**Exercise requirements**
Beginning with the line below that contains "2025 Jeep Grand Cherokee Altitude" and ending with the line that contains "1749816751186198DB40.jpg 8.2.JPG", retype every line exactly. Pictures are not copied.

**Dataset records**
-- Opening Marker --

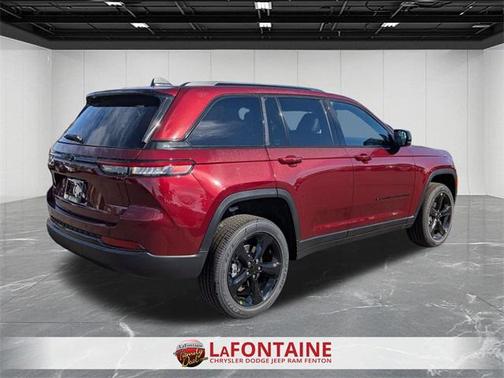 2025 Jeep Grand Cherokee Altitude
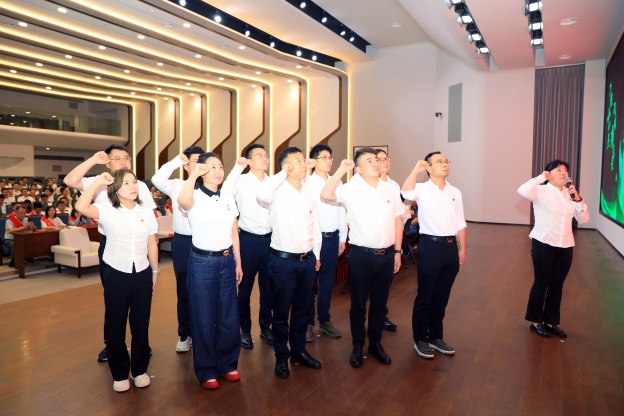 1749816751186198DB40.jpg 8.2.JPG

-- Closing Marker --
-- Opening Marker --

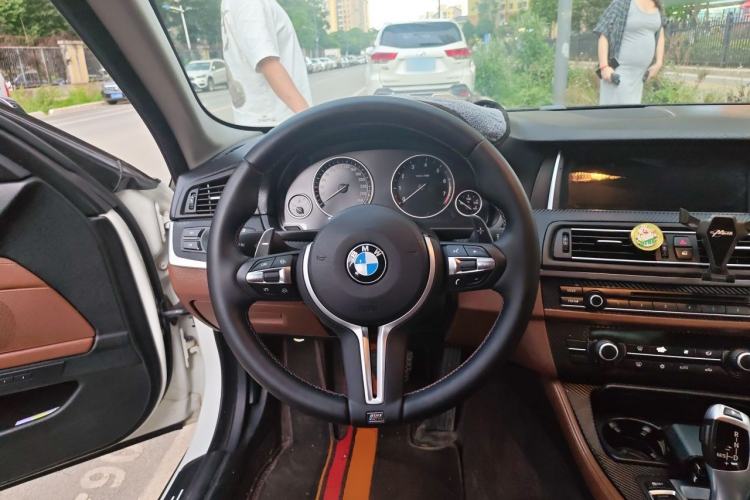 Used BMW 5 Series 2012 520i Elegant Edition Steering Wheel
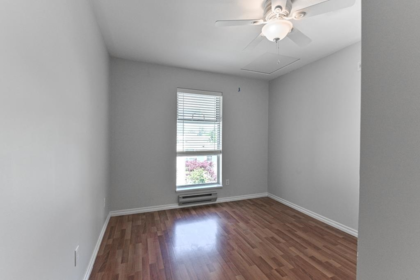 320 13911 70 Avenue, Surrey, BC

-- Closing Marker --
-- Opening Marker --

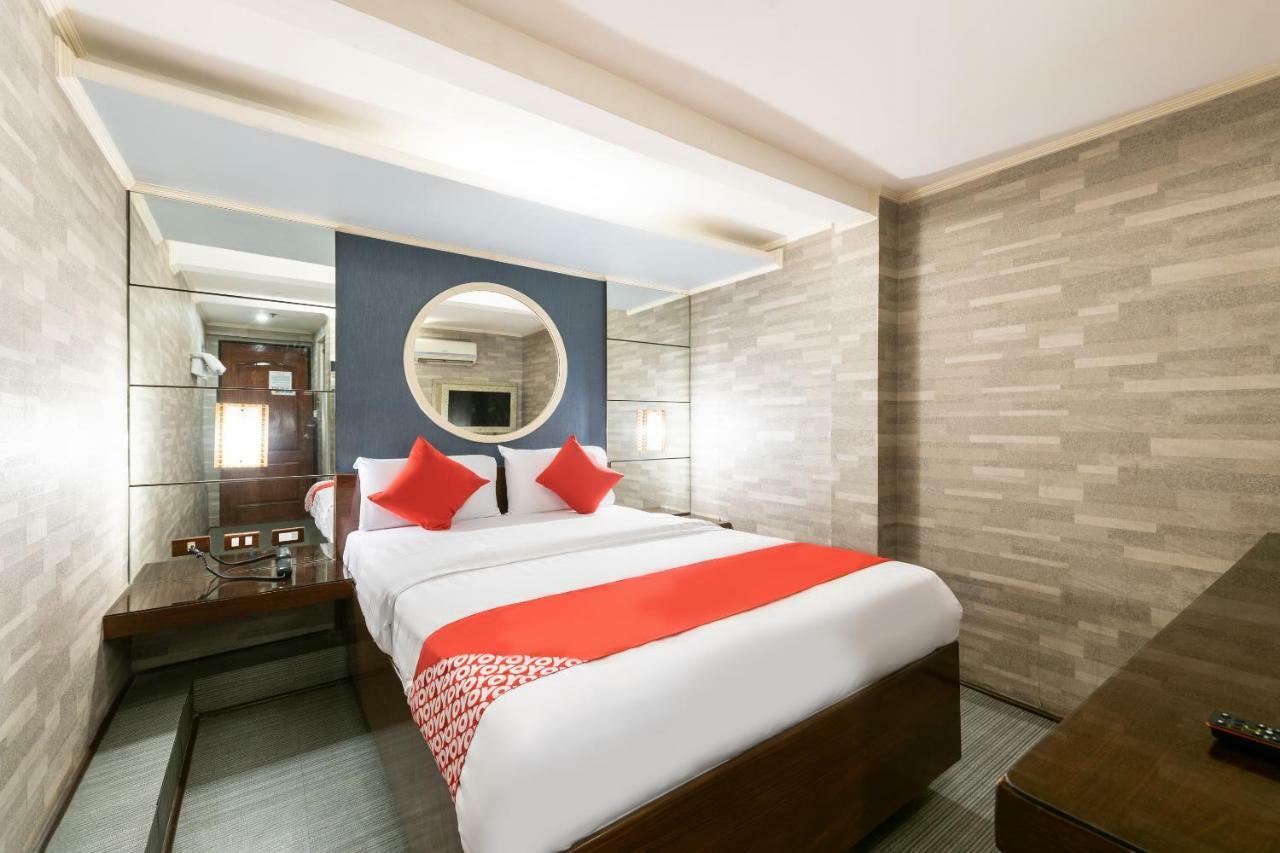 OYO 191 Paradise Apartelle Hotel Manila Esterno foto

-- Closing Marker --

**Output of the exercise**
 2025 Jeep Grand Cherokee Altitude
 1749816751186198DB40.jpg 8.2.JPG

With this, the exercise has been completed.